2012/9/29 (土)
動く轆轤(ろくろ)の動かない芯
私は下戸であるのに、薩摩焼15代沈寿官の黒千代香を持っている。写真のようなものだが、毎年、年始に愛用している。それは、先代沈寿官氏にまつわる次のような出来事に深く感銘してのことである。1993年、小田中学校の少年式の式辞から引用する。

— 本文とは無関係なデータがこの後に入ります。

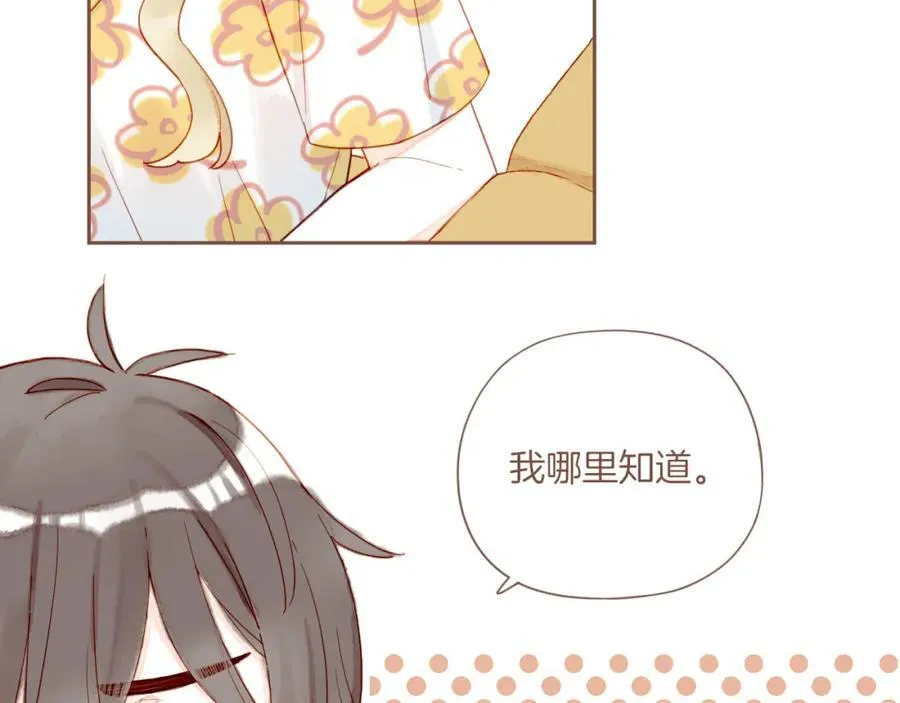第36话 畏罪潜逃的“凶手”（上） 第9页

(前略)鹿児島県苗代川に住む薩摩焼14代当主沈寿官さんは、小学校入学式の日に、ろくろ始めの儀式をしてもらっています。寿官さんは、お父さんのろくろの脇に立たされ、ろくろに注意するようたしなめられます。お父さんは一蹴りして「どうだ」と問いかけます。幼い寿官さんは「よく回ります」と答えると、今度は陶土を親指の先端ほどの大きさに丸め、ろくろの中心にしっかりと据え、仕事着の胸の先に刺していた縫い針を抜き取り、注意深く陶土の中央にその針を立て、またろくろを蹴りました。「不思議なことをするなあ」といぶかる寿官少年に「今度はどうだね」と尋ねました。「よく回ります」と同じ答えを返すと、「針はどんな具合かね」と聞きます。よく見ると、ろくろは回っているが中心に立てられた縫い針は微動だにしない。そこで、「ろくろは回りますが針は動きません」と答えると、お父さんは満足そうにうなずいて静かに次のように話されたというのです。

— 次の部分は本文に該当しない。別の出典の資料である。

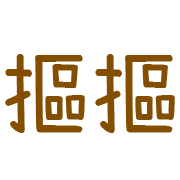 032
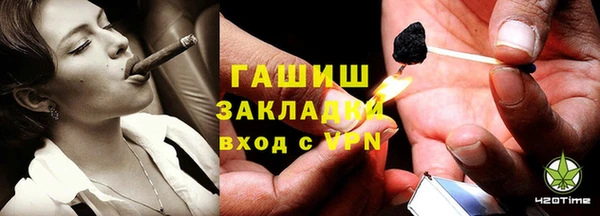 экстази Верхний Тагил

ろくろの真っ芯に陶土を置く、そして陶工の指が陶土を透かしてろくろの芯をしっかりととらえた時、陶土は魔法のように伸びて陶工の心のままに形作ることが出来る。動くろくろに心を動かすな、動かない芯に心を張りつけよ・・・と。
簡単な儀式であったのに、寿官少年は口に言えないほど強烈な感動が体の中からたぎりたち、以来、生涯のテーマとなります。(後略)
動くものが表面に現れる諸々の現象とすれば、動かない芯はその底にある真理・真実・本質とでもいうべきものだろう。私も大学時代からは、そんなものを捜してきたような気がする。見つかっていないものが多いのではあるが。